Anyone who has ever spent serious time selecting and giving a gift can tell you the truth: the joy of selection easily beats the drudgery of shopping, and the joy of giving easily outweighs the joy of receiving — especially if you received the gift you had asked for. There are few things more disappointing in life than getting exactly what you expected (tweet this if you agree).
The Buddhists say there are two tragedies in life 1) Not getting what you want and 2) Getting what you want. There is a way to escape the horns of this dilemma; instead of focusing on yourself, focus on giving what you can to others so that they get what they want. Or, better yet, so they can get what they didn’t know they wanted.
A well-chosen gift delights the recipient, rather than just checking an item off their “wanted” list: it aligns with their values and taste, while introducing them to a freshness that they come to love.
Steve Jobs gave us the iPhone that we now can’t live without, but nobody would have asked Steve to build a phone with a touchscreen and no keyboard. Elon Musk gave us an electric supercar that puts all other automobiles to shame, but nobody was asking him to build a sedan that could accelerate faster than terminal velocity.
Giving amazing gifts is about creating delight and surprise in the receiver. Everything about the gift should be considered: how it fits into the receiver’s life, how it will be used, the moment in time it will enter their life, how long they will likely use / have it, and how they can dispose of it or pass it along.
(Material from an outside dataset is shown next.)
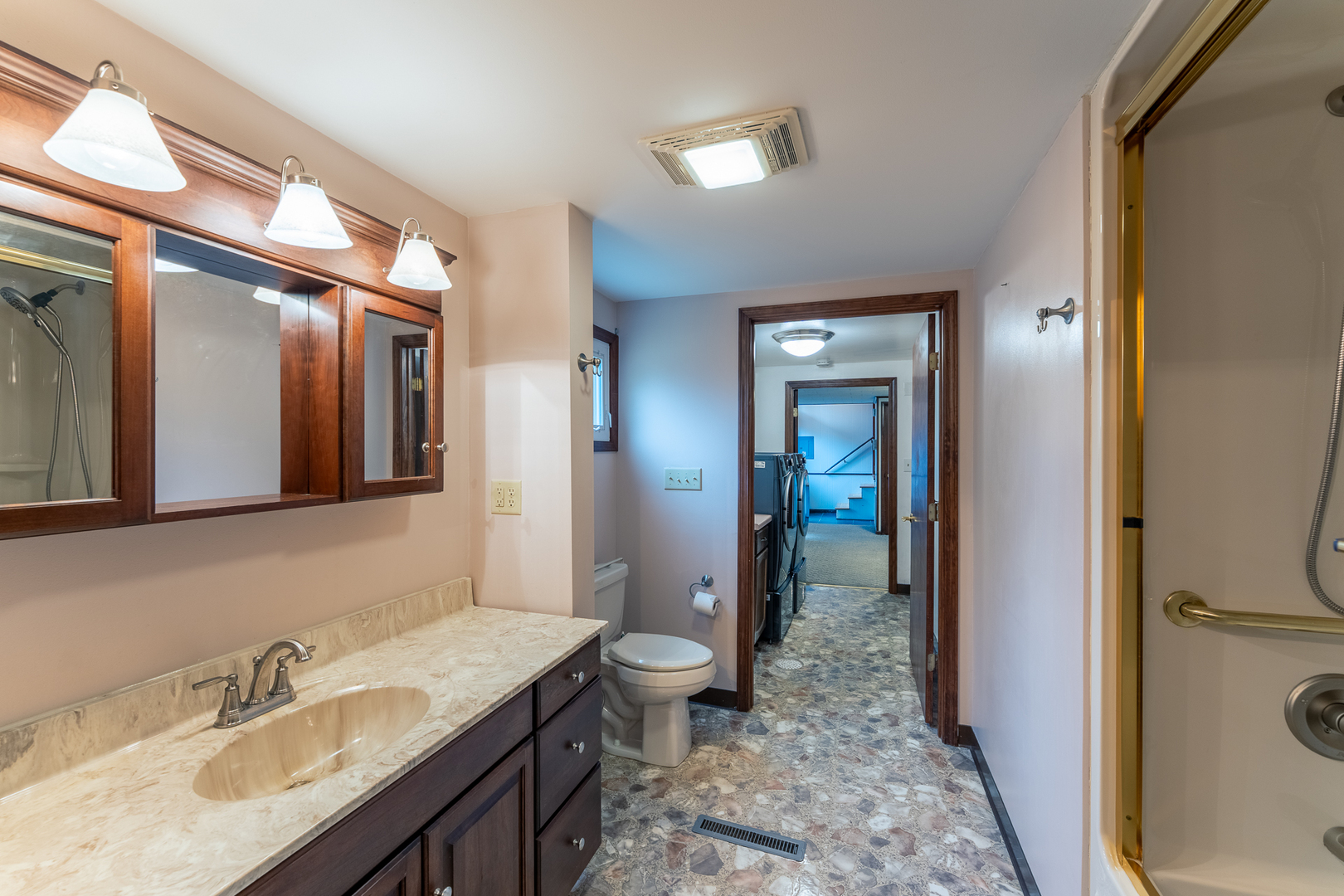 212 Kane Drive Herrin, IL 62948 - Photo 33 of 44 a bathroom with a sink a toilet and shower a mirror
Much more important than simply giving great physical gifts is giving something much more precious and irreplaceable; your time, your attention, your presence, your kindness, your positivity, your perspective. Time is a gift because none of us knows how much of it we have, and it is always running down.
Rushing around in a cold, disconnected world, where we are all just scrounging together enough money to protect and feed our families and create some measure of comfort and security, it is too seldom we gift one another with our genuine warmth, our focused and attentive listening, our kindness, and our positivity.
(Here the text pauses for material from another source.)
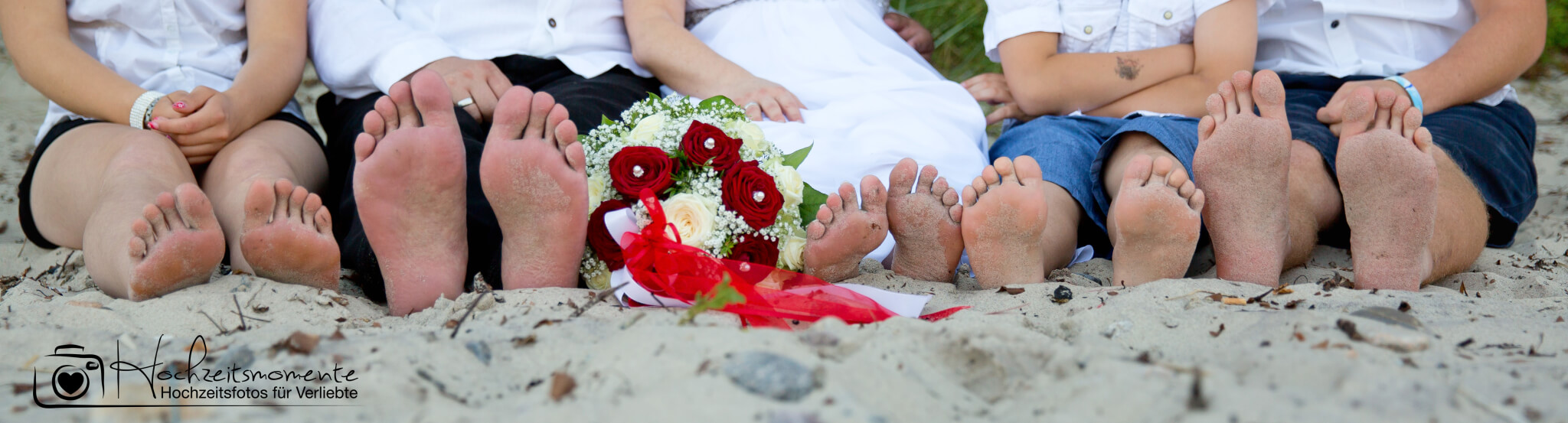 Füße von fünf Personen am Ostsee-Strand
You will find that if you focus on giving these things this holiday season — and every season thereafter — your true Wealth, as measured by your happiness, life satisfaction, and fulfillment, will increase without measure. The joy and personal satisfaction that comes from rendering humble service to others will come to pervade your life. You will want to do it more and more. And that will in turn plant the seeds of seeing yourself receive all the service, help, and resources you need.
In an insecure society, the only true security comes from relationships with others. An investment of our time, our attention, our presence, and our kindness is the only coin we can use to pay for those relationships and their enduring strength through times both hard and easy. There is no shortcut to building these “thick” relationships, and it is through continued commitment to building them that we protect ourselves in the web of interconnectedness that sustains us through life’s dark days.
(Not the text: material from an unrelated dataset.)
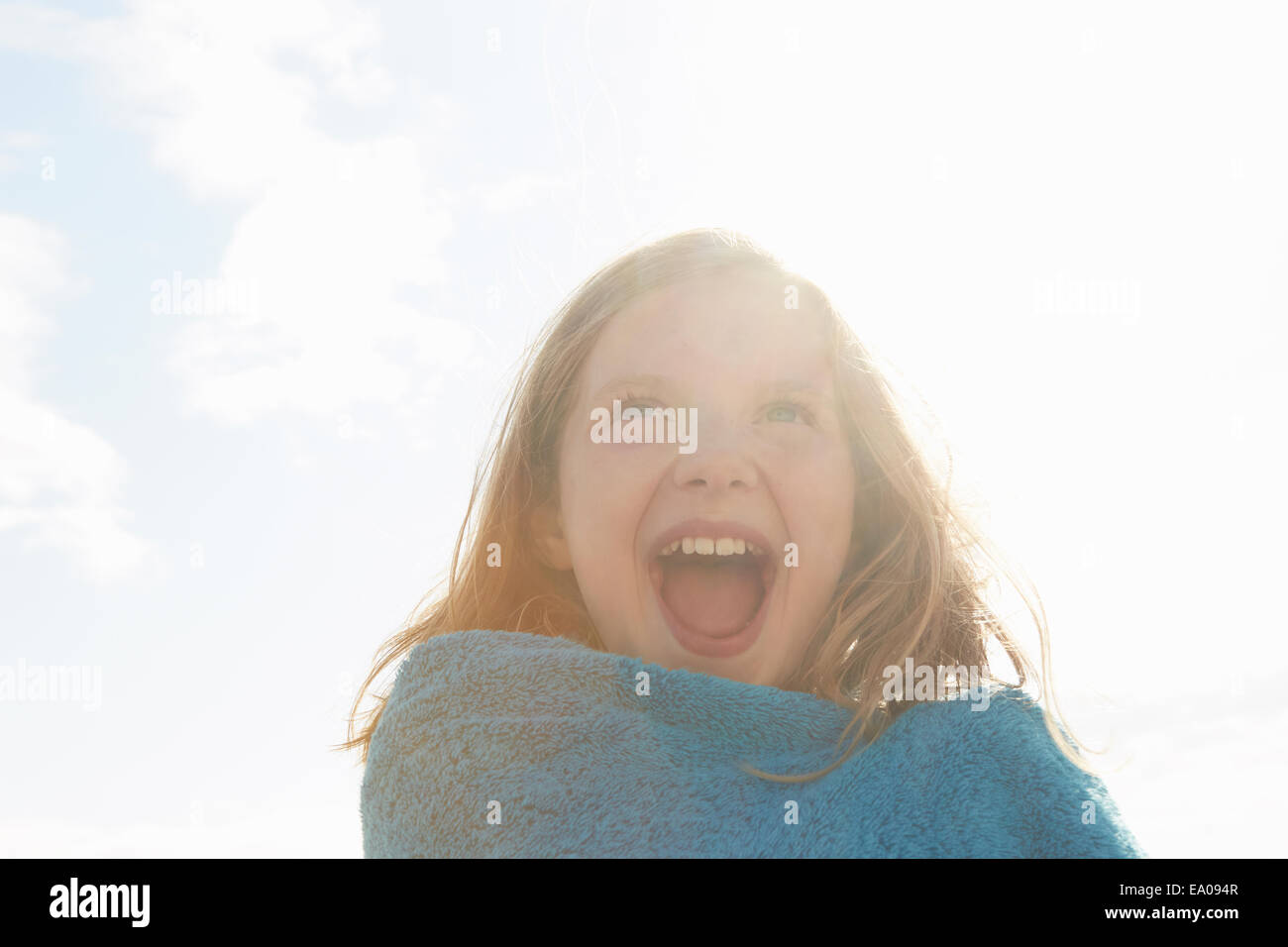Ritratto di ragazza ridere avvolto in asciugamano a costa soleggiata Foto Stock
As we take time off from our daily grind this holiday season, I encourage you all to take time to reflect on how you want to give of yourself this coming year. How can you delight and surprise your loved ones, friends, family, customers, clients, or colleagues? What can you do to invest precious time and energy into the “thick” relationships you want to strengthen (and that you want to strengthen you)?
There is no shortcut to community. There is no magic bullet for relationships that are worth having. Take the time and put in the energy to make your 2016 about building durable community, about strengthening bonds, about creating new links in the chain of human interdependence.
“God created us so that we should form the human family, existing together because we are made for one another. We are not made for an exclusive self-sufficiency but for interdependence, and we break the law of being at our peril.” — Bishop Desmond Tutu
Merry Christmas and Happy New Year, wherever you are.